We were not meant to live alone. I am convinced that this is true. Our ancestors lived community-focused lives, working, playing and living together. But we humans wanted more independence, and over time, people grew further apart and paid more money to distance themselves from each other. Yet, more distance created collateral damage of its own – less frequent visits with friends, organized playdates replacing neighborhood child’s play, judgmental neighbors rather than extra sets of eyes. And now we have arrived, at the pinnacle of human achievement, in single family homes, on 1.5 acre lots, complete with garages and yards, all self-contained to ensure both privacy and ownership are foregone conclusions.
With all that independence comes, well, independence. Isolation. Loneliness. We don’t need anything from anyone, and they don’t from us. We give nothing, and no one gives to us. We’re completely, entirely self-sufficient.
I see the crux of this issue firsthand in my job as a counselor. Everyone wants the people they know to think they’ve got it all together, but the vast majority of the women (and the men, too) that I counsel are depressed, lonely, and socially anxious. They’re desperate for relationships yet don’t know how to allow themselves to have healthy ones. Many of them fill the relational void with the superficial – alcohol, drugs, even Netflix, Twitter, and Facebook. The lack of community is gradually killing our generation, with the construction of each pristine white picket fence.
We have to wake up and realize that dependence is not a four-letter word. Depending on someone else, needing them deeply, relying on them to do something for you that you can’t do for yourself, is what forms the bonds of friendship. Whether it’s their time, companionship, encouragement, or something else, true friendship is formed by two people admitting their vulnerability, asking for help when we need it, and reciprocating. True autheticity doesn’t hold someone at a distance and show them only what they want them to see. Instead, it pulls them close and offers them the opportunity to explore all your facets, both those you love about yourself and those you could live without.

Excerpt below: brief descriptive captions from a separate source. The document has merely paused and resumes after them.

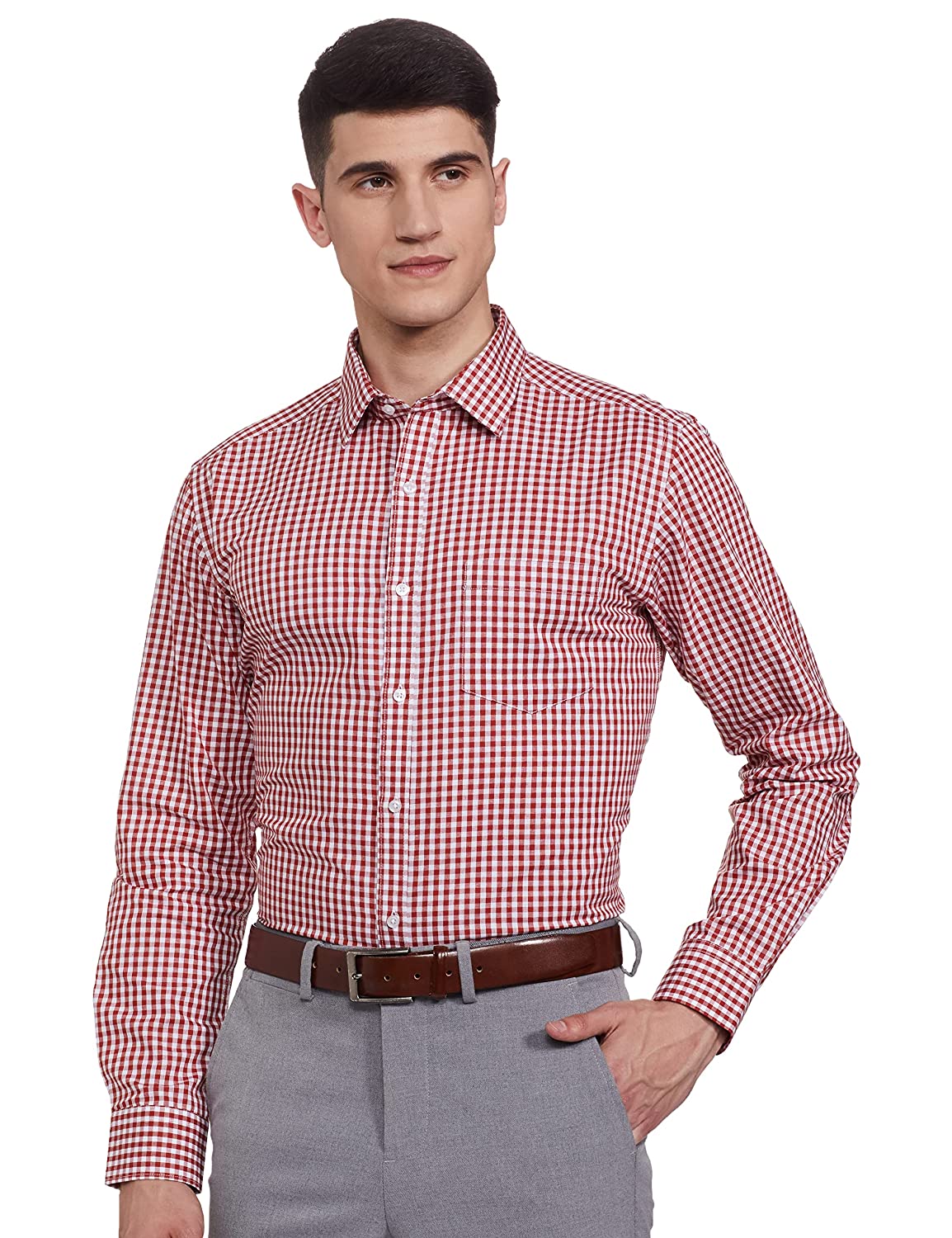 Diverse Men's Regular Fit Formal Shirt
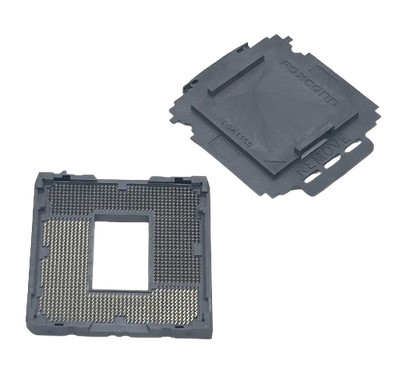 LGA 1155 Intel Socket Processor CPU Base Connector Holder  Black Foxconn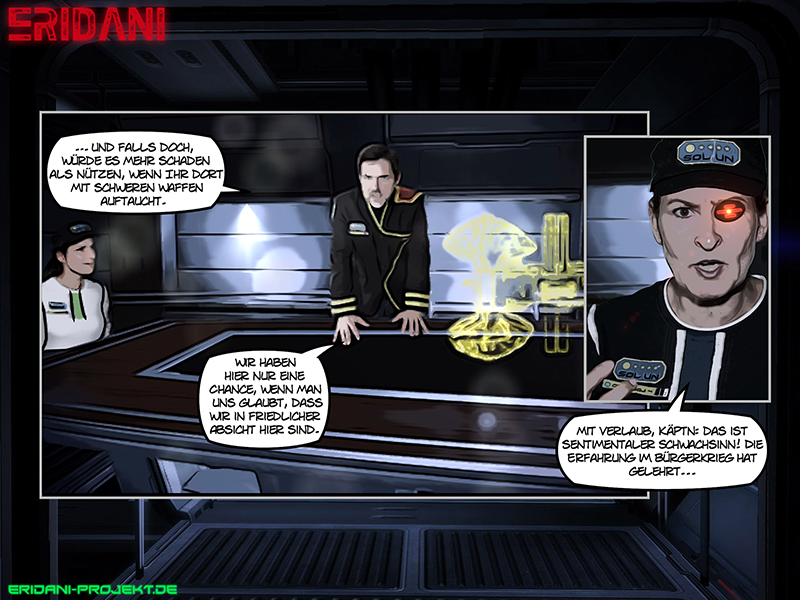 Comic: Eridani 02x01: Mission 5
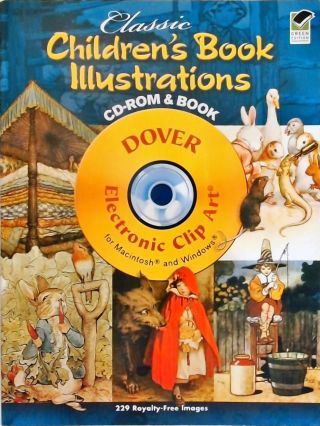 Classic Childrens Book Illustrations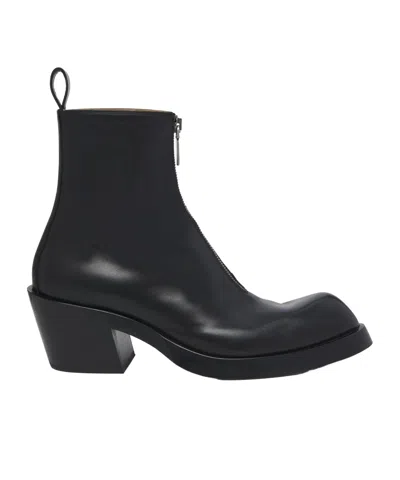 Alexander Mcqueen Men's Sparrow Boot In Black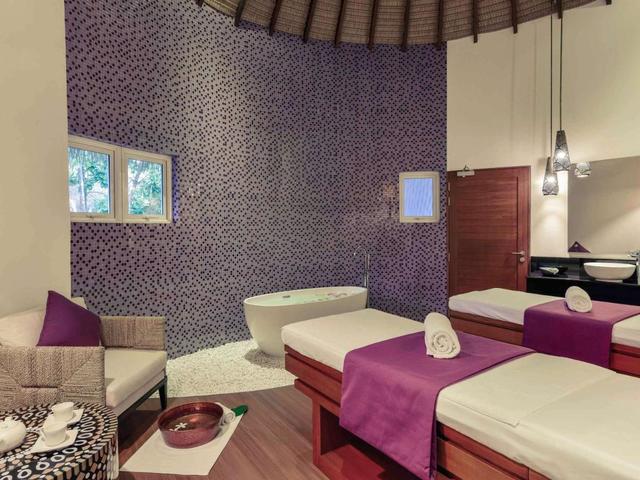 фотографии отеля Mercure Maldives Kooddoo Resort изображение №3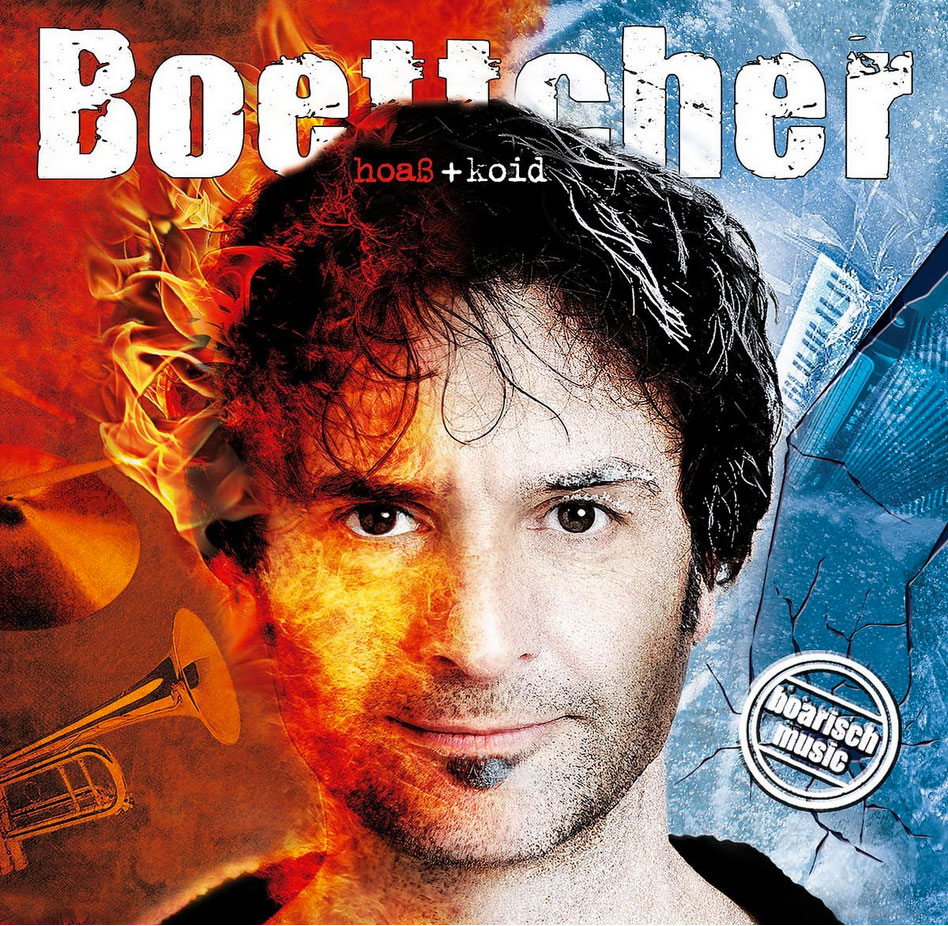 Chris Boettcher - Album Hoaß & koid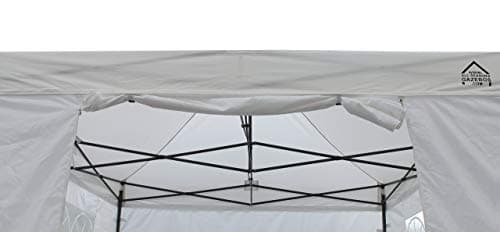 Thumbnail 2 de All Seasons Gazebos 3x3 m gazebo impermeable blanco ⛱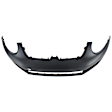9502-87-0 Front Primed Bumper Cover, White Glove Premium Unfolded Delivery,  Except R-Line Model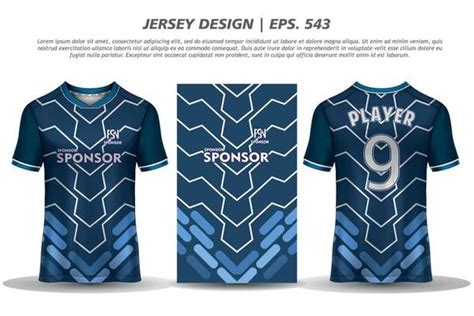 Jersey Layout Vector Art, Icons, and Graphics for Free Download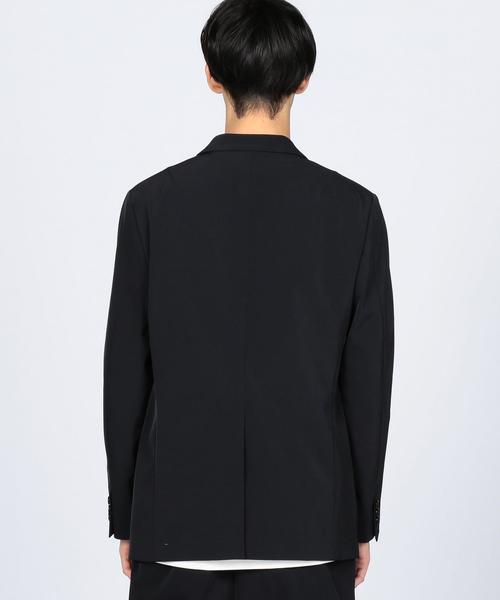 EN ROUTE(アンルート)の「ENR ナイロンツイル2Bジャケット(テーラードジャケット・メンズ・ブラック/ネイビー・2/1/3)」の10枚目の写真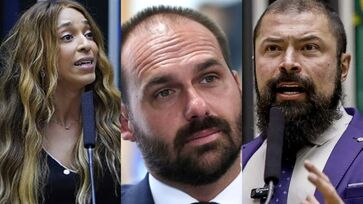 Erika Hilton, Eduardo Bolsonaro e Paulo Bilynskyj estão entre os parlamentares que receberam auxílio-aluguel neste ano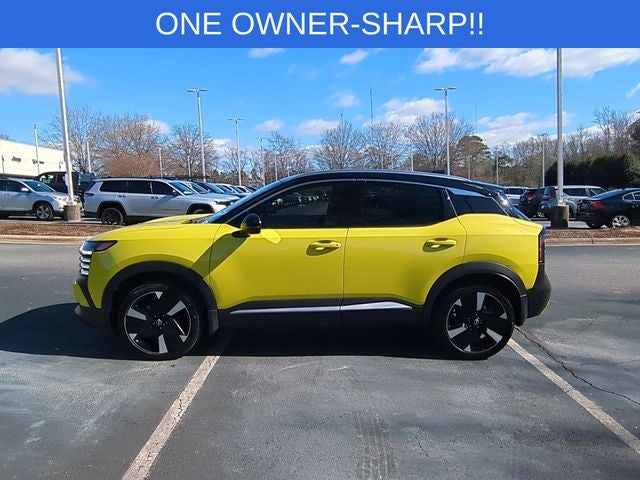 2025 Nissan Kicks SR FWD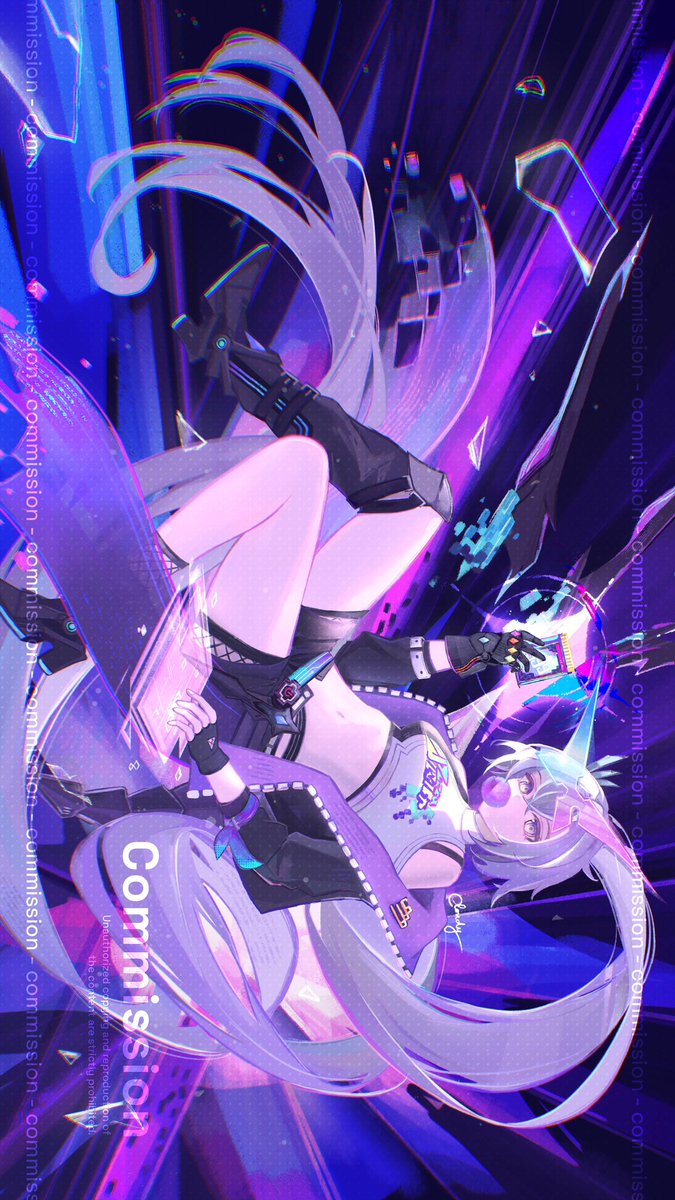 Cloudyillust's tweet photo. #SilverWolfLV999 https://t.co/hwBGPxlCiw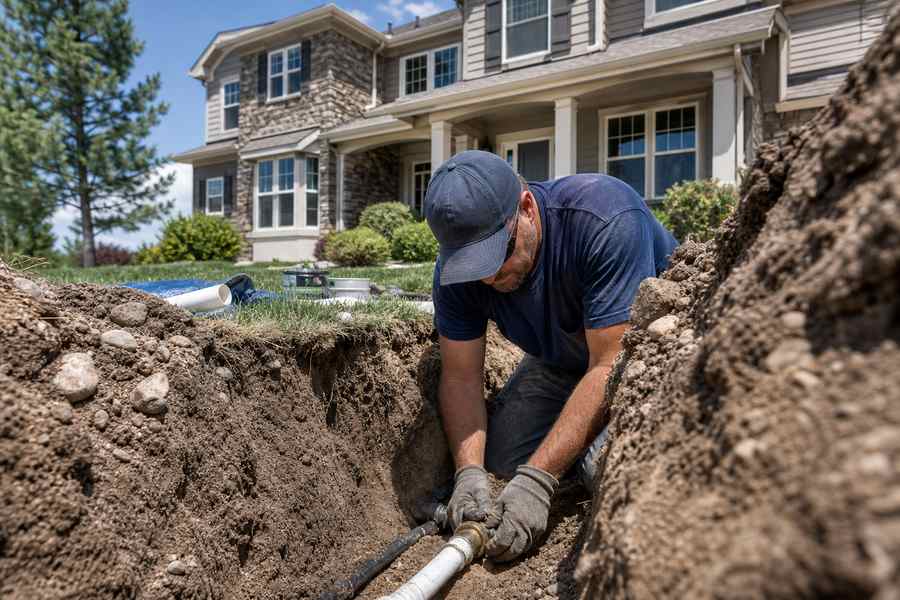 plumbing in Todd Creek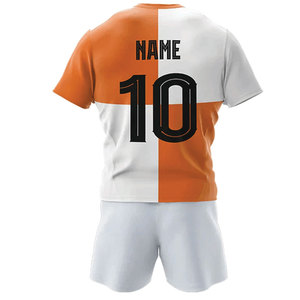 ชุดรักบี้คุณภาพสูง ระบายอากาศได้ดี สวมใส่สบาย คุณภาพเยี่ยม รุ่นใหม่ ราคาส่งถูก 100% โพลีเอสเตอร์ สำหรับกีฬา - Product Image 3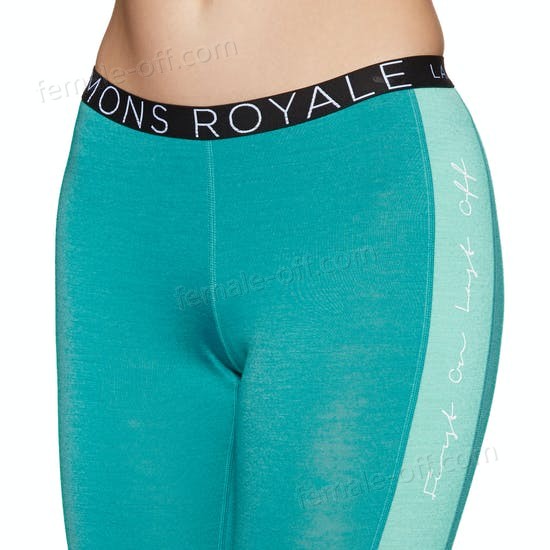 The Best Choice Mons Royale Alagna Cropped Womens Base Layer Leggings - -1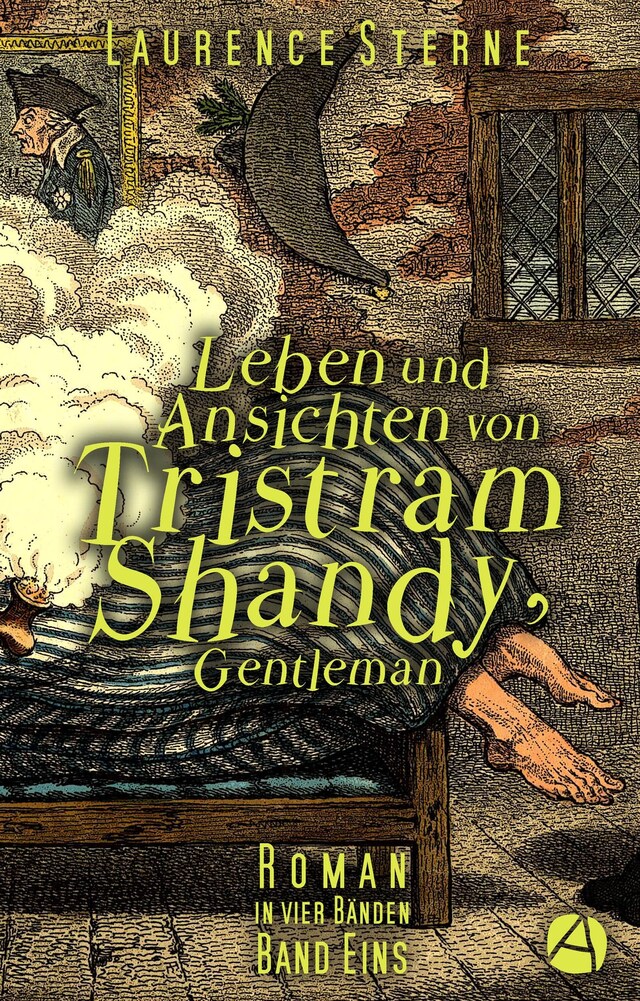 Buchcover für Leben und Ansichten von Tristram Shandy, Gentleman. Band Eins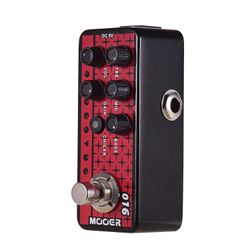Allbestlife Kokko Fch2 Mini Chorus Pedal bærbar guitar effekt pedal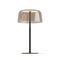Yurei LED Table Lamp  option Tea Brown Acrylic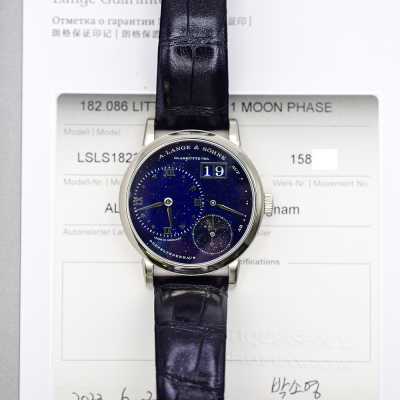 A. Lange & Söhne 182.086 White Gold Manual Winding Excellent Condition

And that’s scary for most of us, if we’re honest. There’s no covenant relationship in friendships, no divorce papers to be signed and custody to be negotiated if someone is unhappy. A friend can walk away at any time, and opening yourself up fully to another person only to have them reject you is a terrifying aspect of the human experience. But still, I believe Tennyson had the right of it, writing these oft quoted words after the sudden death of his close friend:
“I hold it true, whate’er befall; I feel it when I sorrow most; ‘Tis better to have loved and lost than never to have loved at all.”
I long to live my life more fully with other people. It’s a deep yearning need, and I can’t be content with less than extraordinary community. If we’re friends, it’s not enough for me to see you once every three months for a play date or family dinner; I want to overlap my life with yours, let you in to all the good, bad, and ugly, and be let in to yours. I’m not naive; I know this will create a host of struggles and issues to work through, but I’m tired of the superficial, and I’m willing to tackle the difficult and uncomfortable in the hope of experiencing the extraordinary.
I’m tired of pretending I can do it all – raise perfect kids, maintain a perfect household, be the perfect wife, mother, friend – all on my own. I can’t. I don’t believe any of us can. I have no interest in the community that says, “As long as it looks to you like I’ve got it all together, we’re good.” What I long for is the community that says, “I don’t have it all together, so I’m assuming you don’t either. Let’s see how we can help each other with what we do have, and just accept each other as we are.”
Walls we’ve spent our lives building up seldom come down in a day, so I’m determined to start tearing mine down now, before it’s too late, before I feel the acute lack of something I desperately need. What does this mean for me? Well, there are many aspects of my life I would be willing to share in order to find this level of authentic community, but my husband isn’t one of them, so hopefully I can find a few sister-friends, instead of sister-wives.